Auteur : VALIN-STEIN (Valérie)

Le volet « rapports locatifs », qui remet à plat la loi du 6 juillet 1989, mécontentent de nombreux bailleurs. De plus, la multiplication des recours dont pourront disposer les locataires risque de faire grimper le nombre de contentieux.

Dans les grandes villes, les loyers ne seront plus fixés librement

Avec la loi Alur, la ministre du Logement, Cécile Duflot, renforce le dispositif d’encadrement des loyers d’habitation amorcé en 2012 (voir le n° 1077 du Particulier, "Êtes-vous concerné par l'encadrement des loyers ?") et l’étend aux locations meublées (voir "Locations meublées de plus en plus encadrées, mais encore intéressantes"). C’est, désormais, la progression de tous les loyers d’habitation qui sera limitée à l’évolution de l’indice de référence des loyers (IRL).
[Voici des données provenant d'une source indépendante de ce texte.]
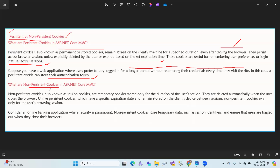Non-persistence cookies, also known as session cookies, are temporary cookies stored only for the duration of the user session. When you log in and then close the browser, non-persistence cookies are automatically deleted. They are deleted automatically when the user closes the browser.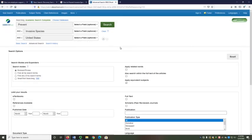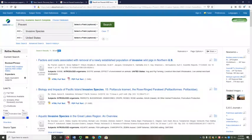In the library database Academic Search Complete, I'll search "prevent" and "invasive species" and "United States." The "and" between each word means it will only find sources that include all three concepts. I only get 258 results — that number is much more manageable. I can more easily review these to see if they're helpful or to find other keywords to revise my search, and I can also easily tell if I'm locating academic scholarly journal articles.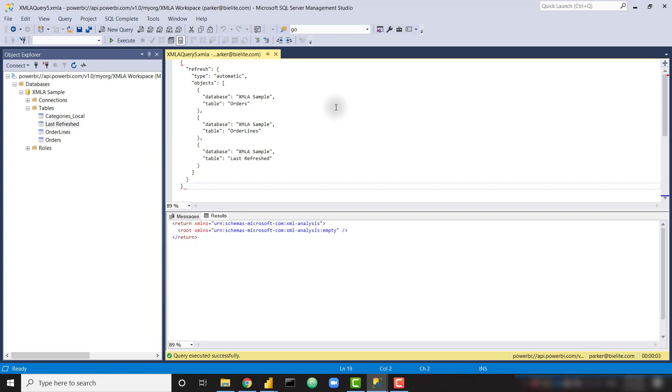In future videos, I'll be showing you how to automate this via SQL jobs or similar, so stay tuned for that. If you like this video, make sure you check out my DA100 course over at training.bielite.com. The link will be down in the description.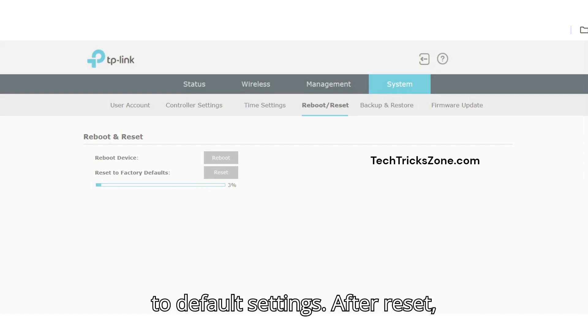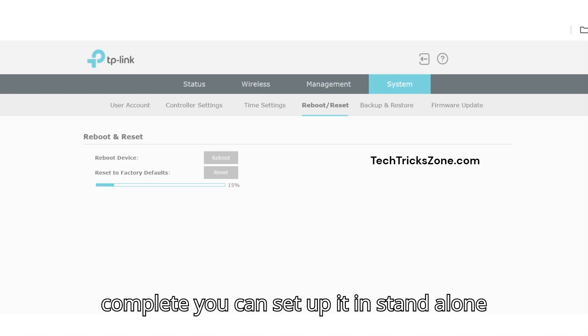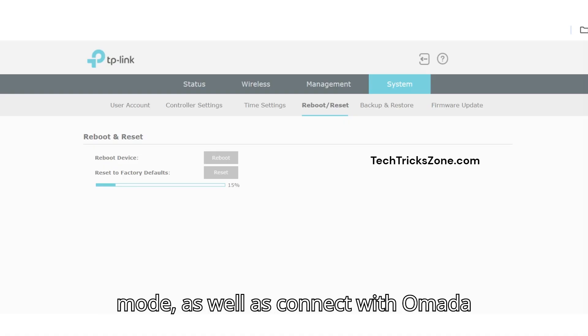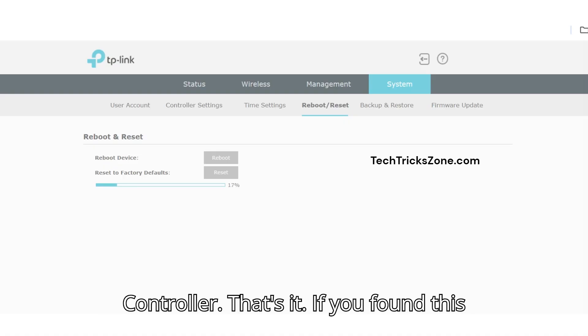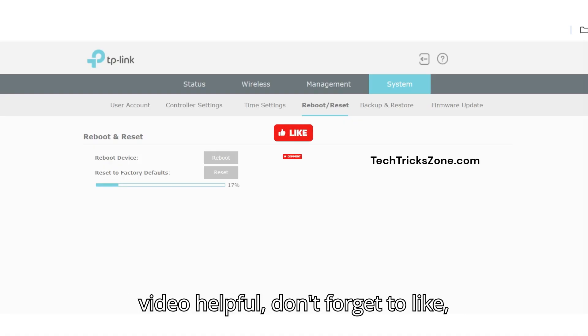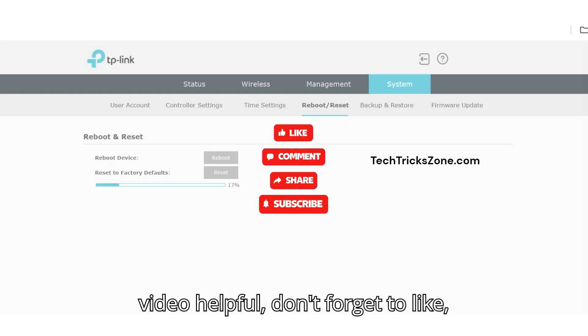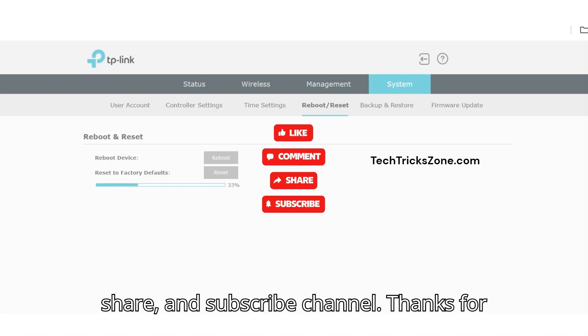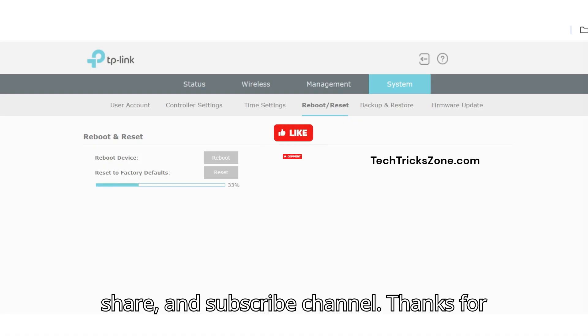After reset is complete, you can set up the device in standalone mode or connect it with a controller. If you found this video helpful, don't forget to like, share, and subscribe to the channel.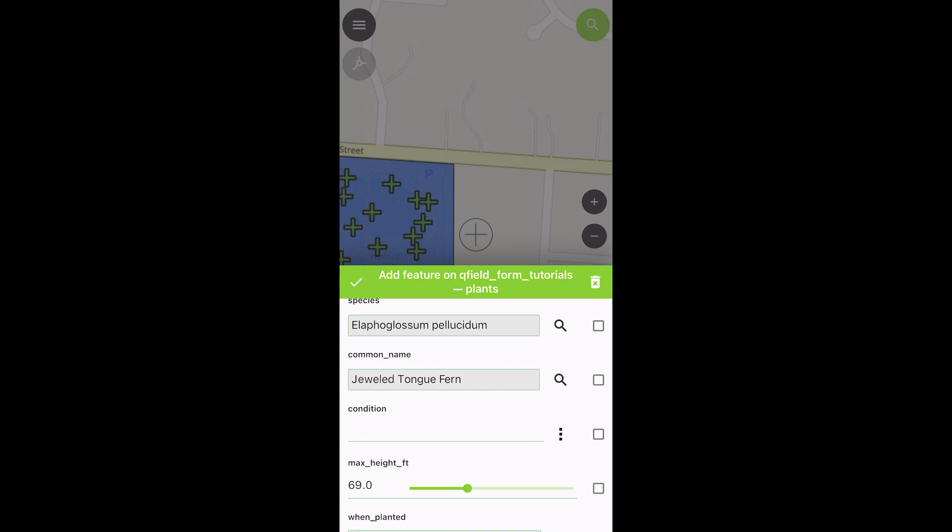And just to show you with red maple, we're going to do the same thing here. Let's just go jeweled tongue fern, sounds great. You can see that we have the species filled out, and that's all the functionality that we implemented today. Thanks for bearing with me, it's a little bit of a longer tutorial, and I hope that it was helpful. If it was, please like, subscribe, and let me know if you have any suggestions for future videos. Thanks and have a good one, bye.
Dans des cas exceptionnels – loyer inférieur au loyer de référence minoré, réalisation de travaux d’envergure… – la réévaluation du loyer pourra, toutefois, être supérieure à la progression de l’IRL.
Par ailleurs, lors d’une mise en location ou d’une relocation, les loyers ne pourront pas excéder des maxima fixés annuellement par des arrêtés préfectoraux. En pratique, trois loyers seront communiqués aux bailleurs : un loyer de référence, un loyer minoré (inférieur de 30 %, au maximum, au loyer de référence) et un loyer majoré (supérieur de 20 %, au maximum, au loyer de référence). Le bailleur pourra appliquer ce dernier sans justification. Lorsque le loyer sera inférieur au loyer minoré, il pourra le réévaluer au-delà de l’IRL. Le bailleur pourra aussi déplafonner son loyer en demandant un complément exceptionnel au locataire si les caractéristiques du logement (vaste terrasse, vue sur un monument, etc.) sont remarquables. Sont concernés par ces dispositions les baux signés dans les zones « tendues ». Pour ceux qui sont antérieurs à la loi Alur, ce plafonnement devra être respecté lors du renouvellement. Certains loyers pourront donc baisser à cette occasion. Le plafonnement des loyers pourrait, selon le ministère du Logement, s’appliquer dès l’automne 2014 dans l’agglomération parisienne et dans quelques autres.
Les conséquences de la mesure : selon l’observatoire des loyers Clameur, ce plafonnement des loyers toucherait 20 % environ des relocations et des nouvelles locations des 10 premières villes françaises. Il devrait entraîner une diminution de l’ordre de 4 % du niveau moyen des loyers de marché.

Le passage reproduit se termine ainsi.